Public can play crucial role in legitimising EU


IRELAND IS a cockpit for contending European political currents in the closing stages of the second Lisbon referendum. It is also a laboratory for contending explanations of how politicisation changes the European Union. Whatever the outcome, this campaign will have a lasting effect on dimensions of the EU and Ireland’s involvement in them.

Politicisation makes European issues part of domestic politics. The process has intensified since the 1990s. The EU’s boundaries changed with territorial enlargements, the growing scope of its policymaking had a greater impact on everyday life and there was more opportunity for public participation through referendums, general elections and media debates.

A process largely dominated by political elites and executives in the first three decades of European integration was transformed into one in which they pay more regard to the public. Hence the agonising over democratic deficits, legitimacy and political reforms over the last decade. Lisbon is the culmination of those debates, which have oscillated between arguments over constitutionalising the EU and making it more efficient.

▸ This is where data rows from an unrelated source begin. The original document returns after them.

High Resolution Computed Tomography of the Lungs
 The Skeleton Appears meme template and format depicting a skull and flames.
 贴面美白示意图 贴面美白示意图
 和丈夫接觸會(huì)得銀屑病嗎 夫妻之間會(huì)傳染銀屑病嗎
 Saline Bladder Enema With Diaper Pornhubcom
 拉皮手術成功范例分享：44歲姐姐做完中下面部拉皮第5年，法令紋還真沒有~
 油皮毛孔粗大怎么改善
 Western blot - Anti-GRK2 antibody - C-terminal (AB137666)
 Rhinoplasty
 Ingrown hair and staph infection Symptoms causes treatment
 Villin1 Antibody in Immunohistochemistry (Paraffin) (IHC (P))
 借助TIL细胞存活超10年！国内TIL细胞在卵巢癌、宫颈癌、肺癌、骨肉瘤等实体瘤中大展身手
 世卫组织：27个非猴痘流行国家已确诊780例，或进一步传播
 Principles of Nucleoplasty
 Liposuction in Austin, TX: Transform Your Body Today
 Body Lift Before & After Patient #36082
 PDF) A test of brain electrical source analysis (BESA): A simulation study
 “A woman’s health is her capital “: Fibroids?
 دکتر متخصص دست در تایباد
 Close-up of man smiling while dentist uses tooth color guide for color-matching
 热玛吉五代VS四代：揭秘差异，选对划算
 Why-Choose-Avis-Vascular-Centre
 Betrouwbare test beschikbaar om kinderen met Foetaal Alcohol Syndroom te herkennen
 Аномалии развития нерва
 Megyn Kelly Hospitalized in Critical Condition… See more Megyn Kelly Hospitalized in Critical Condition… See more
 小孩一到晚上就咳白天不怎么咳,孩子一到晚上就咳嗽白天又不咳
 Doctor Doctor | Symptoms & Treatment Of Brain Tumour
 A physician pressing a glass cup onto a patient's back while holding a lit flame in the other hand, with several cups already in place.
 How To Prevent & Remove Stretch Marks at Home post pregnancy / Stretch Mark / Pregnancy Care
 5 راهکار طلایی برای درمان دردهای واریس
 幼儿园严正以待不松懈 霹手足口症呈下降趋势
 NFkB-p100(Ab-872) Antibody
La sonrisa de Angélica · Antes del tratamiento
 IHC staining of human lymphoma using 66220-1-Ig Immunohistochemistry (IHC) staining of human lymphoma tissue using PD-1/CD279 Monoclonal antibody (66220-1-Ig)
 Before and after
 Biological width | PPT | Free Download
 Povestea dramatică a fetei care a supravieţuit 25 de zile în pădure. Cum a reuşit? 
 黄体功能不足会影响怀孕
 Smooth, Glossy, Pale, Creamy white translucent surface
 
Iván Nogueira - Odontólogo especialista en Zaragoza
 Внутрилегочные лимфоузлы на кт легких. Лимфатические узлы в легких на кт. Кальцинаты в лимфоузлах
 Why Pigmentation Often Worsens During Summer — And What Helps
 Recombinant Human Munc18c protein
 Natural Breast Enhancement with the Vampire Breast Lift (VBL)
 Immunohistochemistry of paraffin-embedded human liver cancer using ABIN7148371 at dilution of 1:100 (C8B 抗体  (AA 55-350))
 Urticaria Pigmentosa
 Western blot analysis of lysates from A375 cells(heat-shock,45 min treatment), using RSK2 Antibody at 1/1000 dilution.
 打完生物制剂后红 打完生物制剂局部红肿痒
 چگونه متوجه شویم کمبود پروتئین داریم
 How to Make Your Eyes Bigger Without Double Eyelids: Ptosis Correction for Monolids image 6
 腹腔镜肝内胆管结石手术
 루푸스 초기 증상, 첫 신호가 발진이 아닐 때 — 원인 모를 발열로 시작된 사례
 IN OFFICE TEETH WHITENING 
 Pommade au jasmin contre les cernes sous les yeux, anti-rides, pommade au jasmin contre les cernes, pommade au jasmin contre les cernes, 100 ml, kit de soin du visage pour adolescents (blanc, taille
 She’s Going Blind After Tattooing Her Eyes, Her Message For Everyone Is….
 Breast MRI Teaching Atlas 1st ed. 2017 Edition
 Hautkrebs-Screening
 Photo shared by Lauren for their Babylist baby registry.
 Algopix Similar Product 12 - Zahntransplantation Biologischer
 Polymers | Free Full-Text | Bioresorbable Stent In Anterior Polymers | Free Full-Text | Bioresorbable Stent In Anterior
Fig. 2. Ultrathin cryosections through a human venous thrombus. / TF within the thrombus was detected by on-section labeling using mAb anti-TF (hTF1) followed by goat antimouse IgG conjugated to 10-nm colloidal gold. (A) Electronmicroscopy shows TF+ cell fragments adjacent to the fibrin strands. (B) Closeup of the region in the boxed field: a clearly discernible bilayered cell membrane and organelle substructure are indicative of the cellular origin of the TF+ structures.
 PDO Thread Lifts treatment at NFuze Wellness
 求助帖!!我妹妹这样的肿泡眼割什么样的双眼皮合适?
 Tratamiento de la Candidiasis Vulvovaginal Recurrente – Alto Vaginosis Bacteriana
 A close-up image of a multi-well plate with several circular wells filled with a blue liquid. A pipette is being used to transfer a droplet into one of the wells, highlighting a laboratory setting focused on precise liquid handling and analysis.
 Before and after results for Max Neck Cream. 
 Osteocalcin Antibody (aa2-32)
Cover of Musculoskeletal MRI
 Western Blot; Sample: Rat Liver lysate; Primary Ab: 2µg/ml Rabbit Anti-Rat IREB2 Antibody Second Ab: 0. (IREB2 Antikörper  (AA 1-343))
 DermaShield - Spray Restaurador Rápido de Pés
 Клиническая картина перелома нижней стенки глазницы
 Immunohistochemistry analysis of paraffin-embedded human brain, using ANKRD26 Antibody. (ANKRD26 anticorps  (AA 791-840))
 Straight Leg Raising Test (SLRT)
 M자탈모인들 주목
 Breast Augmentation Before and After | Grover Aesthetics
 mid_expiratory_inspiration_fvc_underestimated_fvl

The treaty is an uneasy compromise between the approaches. It incorporates most of the institutional innovations contained in the constitutional treaty brokered during the Irish EU presidency in 2004, but it strips out the symbols and unitary structures which would have required referendums elsewhere after the treaty was defeated in France and the Netherlands, in pursuit of potentially more effective policy outcomes.

Implicit in this is a desire by some executive elites and theorists to put the political genie back in the bottle. They fear politicisation of EU affairs will undermine this consensual system. Such public contestation cannot be confined to policies within it, but is bound to spill over into whether or not the EU is a good thing, they feel.

This can be seen in the identity wars over immigration, citizenship and religion that politicise “who we are” questions in a rash of populist nationalisms and far-right movements. When these interact with left/right contests between the winners and losers of integration policies, it is a volatile brew, evident in the No campaign.

In that case, the system would be unsustainable as it is not able to withstand both contests simultaneously. Instead, governments should rely on achieving better policy outcomes together in fields like energy, climate change and economic co-ordination that are capable of improving public welfare at domestic level if its future legitimacy is to be secured.

Public participation, whether by referendums, left/right contests or arguments over cultural inclusion should be minimised.

Other political practitioners and theorists disagree profoundly with this analysis, saying it is impossible to roll politicisation back. Instead, contestation and competition about EU affairs should be welcomed and channelled into new democratic practices.

Due to its history, Lisbon makes only a modest contribution to this endeavour, largely by strengthening European and national parliamentary co-decision and oversight on EU policymaking. There is also provision for citizen initiatives.

Although Lisbon introduces more democratic accountability, the treaty does not enable or inhibit politicisation.

On this alternative reading, the process will continue irrespectively, reflecting political, social and cultural forces already mobilised and the need for established parties and executives to deal with them. It is therefore a mistake to exaggerate the effects of the treaty text on political practice, since this has more to do with the balance between the left and right in European politics.

A powerful argument can be made that if this does not happen, EU policymaking will be sub-optimal, because choices have to be made between the winners and losers of integration. This is best done by public deliberation, predominantly left/right competition and more transparent relationships between voting, leadership and policy choices.

Otherwise, policies will not be accepted and the system will gradually destabilise. Within this paradigm a separate argument holds that such policy and regulatory competition needs to be more decentralised and flexible between varying territorial and policy interests as it can be shown empirically that diversity enhances effectiveness.

Although the treaty is relatively neutral on politicisation, the setting in which it takes place would be deeply affected by Ireland’s vote. If it is a Yes, the system’s legitimacy would be enhanced. There would be more incentives and opportunities for developing its collective politics in coming years, based on an established political and economic architecture and on debate and contestation in rather than of it. In contrast treaty referendums are zero-sum events, empowering extremes and inhibiting balanced judgments.

If it is a No, politics would be concerned with the emergence of a tiered EU system. Ireland would be consigned to the slipstream of a new Conservative-ruled UK, losing the genuine independence brought by EU membership.

Lisbon’s admittedly imperfect compromise between contending political left/right and identitarian forces would not be available in this setting. It follows that in deciding on it, the best should not be made the enemy of the good.